Wherever the word "Storage" appears in a line below, that line counts; report the total number of such lines only.

### ENTRIES SHOWN
====

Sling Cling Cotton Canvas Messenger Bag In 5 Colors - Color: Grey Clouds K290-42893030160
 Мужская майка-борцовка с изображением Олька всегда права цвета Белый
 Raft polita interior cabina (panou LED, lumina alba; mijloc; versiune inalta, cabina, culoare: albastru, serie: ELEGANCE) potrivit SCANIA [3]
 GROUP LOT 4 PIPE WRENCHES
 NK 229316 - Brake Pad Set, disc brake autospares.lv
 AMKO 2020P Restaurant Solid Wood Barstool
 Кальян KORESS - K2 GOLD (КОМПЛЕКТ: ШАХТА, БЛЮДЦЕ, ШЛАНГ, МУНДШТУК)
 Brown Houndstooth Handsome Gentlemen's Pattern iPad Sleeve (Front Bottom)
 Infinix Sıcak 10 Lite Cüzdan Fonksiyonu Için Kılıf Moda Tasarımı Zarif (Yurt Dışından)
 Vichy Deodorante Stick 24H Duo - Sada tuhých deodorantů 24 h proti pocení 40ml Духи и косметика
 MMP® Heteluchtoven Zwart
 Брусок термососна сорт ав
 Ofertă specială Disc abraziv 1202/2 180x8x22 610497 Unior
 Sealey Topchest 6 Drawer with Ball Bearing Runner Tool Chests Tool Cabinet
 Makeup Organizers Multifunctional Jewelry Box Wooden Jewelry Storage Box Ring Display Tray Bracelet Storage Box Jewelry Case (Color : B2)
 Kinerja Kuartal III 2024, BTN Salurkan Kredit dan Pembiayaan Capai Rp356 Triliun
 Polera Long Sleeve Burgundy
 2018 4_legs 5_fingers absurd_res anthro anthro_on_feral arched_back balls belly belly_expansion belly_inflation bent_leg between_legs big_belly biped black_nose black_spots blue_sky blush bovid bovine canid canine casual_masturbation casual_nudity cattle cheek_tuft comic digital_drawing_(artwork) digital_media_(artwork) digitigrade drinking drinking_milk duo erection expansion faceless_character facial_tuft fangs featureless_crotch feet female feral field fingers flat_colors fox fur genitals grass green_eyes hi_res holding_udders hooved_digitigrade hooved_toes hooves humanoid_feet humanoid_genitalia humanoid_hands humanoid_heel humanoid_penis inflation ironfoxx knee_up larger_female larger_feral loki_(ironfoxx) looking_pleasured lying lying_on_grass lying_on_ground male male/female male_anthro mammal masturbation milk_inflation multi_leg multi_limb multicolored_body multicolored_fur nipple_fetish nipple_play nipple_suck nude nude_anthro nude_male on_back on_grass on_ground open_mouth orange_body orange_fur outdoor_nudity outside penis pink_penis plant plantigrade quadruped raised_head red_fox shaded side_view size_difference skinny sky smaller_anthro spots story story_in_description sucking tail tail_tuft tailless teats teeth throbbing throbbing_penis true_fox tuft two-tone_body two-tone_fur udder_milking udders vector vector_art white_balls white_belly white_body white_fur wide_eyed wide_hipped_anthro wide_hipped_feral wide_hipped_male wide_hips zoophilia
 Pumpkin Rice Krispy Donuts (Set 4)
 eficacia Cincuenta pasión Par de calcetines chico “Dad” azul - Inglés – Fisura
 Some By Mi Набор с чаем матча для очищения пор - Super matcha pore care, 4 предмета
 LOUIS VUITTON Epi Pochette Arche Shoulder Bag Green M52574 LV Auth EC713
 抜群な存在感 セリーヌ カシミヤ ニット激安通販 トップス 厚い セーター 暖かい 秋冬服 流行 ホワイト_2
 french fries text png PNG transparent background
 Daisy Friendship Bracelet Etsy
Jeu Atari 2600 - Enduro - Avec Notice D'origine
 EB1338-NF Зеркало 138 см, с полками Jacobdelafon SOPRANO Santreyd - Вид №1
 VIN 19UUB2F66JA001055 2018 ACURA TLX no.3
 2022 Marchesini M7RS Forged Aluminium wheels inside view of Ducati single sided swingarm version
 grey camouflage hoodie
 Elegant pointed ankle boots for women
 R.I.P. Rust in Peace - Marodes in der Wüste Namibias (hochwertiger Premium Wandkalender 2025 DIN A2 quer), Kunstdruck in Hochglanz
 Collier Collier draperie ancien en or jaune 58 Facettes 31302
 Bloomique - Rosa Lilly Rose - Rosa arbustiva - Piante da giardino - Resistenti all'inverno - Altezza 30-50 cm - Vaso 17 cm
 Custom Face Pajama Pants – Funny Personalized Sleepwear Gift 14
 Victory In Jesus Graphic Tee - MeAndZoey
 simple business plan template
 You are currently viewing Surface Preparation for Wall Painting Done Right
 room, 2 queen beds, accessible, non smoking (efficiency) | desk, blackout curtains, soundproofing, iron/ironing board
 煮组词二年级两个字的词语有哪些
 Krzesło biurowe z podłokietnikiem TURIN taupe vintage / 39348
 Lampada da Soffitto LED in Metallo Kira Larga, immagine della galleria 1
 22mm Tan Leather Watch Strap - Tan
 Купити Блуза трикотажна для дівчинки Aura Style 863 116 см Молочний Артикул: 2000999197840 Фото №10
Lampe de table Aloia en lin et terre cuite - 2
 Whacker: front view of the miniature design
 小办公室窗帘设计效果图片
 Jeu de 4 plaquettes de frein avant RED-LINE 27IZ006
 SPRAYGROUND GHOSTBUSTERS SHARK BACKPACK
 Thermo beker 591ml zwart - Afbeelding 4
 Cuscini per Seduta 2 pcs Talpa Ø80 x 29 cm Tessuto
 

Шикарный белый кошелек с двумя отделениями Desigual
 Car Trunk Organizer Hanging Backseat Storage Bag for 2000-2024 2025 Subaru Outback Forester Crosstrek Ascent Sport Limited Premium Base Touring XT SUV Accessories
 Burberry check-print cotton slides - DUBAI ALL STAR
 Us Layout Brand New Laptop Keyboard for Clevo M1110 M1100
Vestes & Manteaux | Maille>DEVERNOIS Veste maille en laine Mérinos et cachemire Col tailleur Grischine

====

### ANSWER AREA
2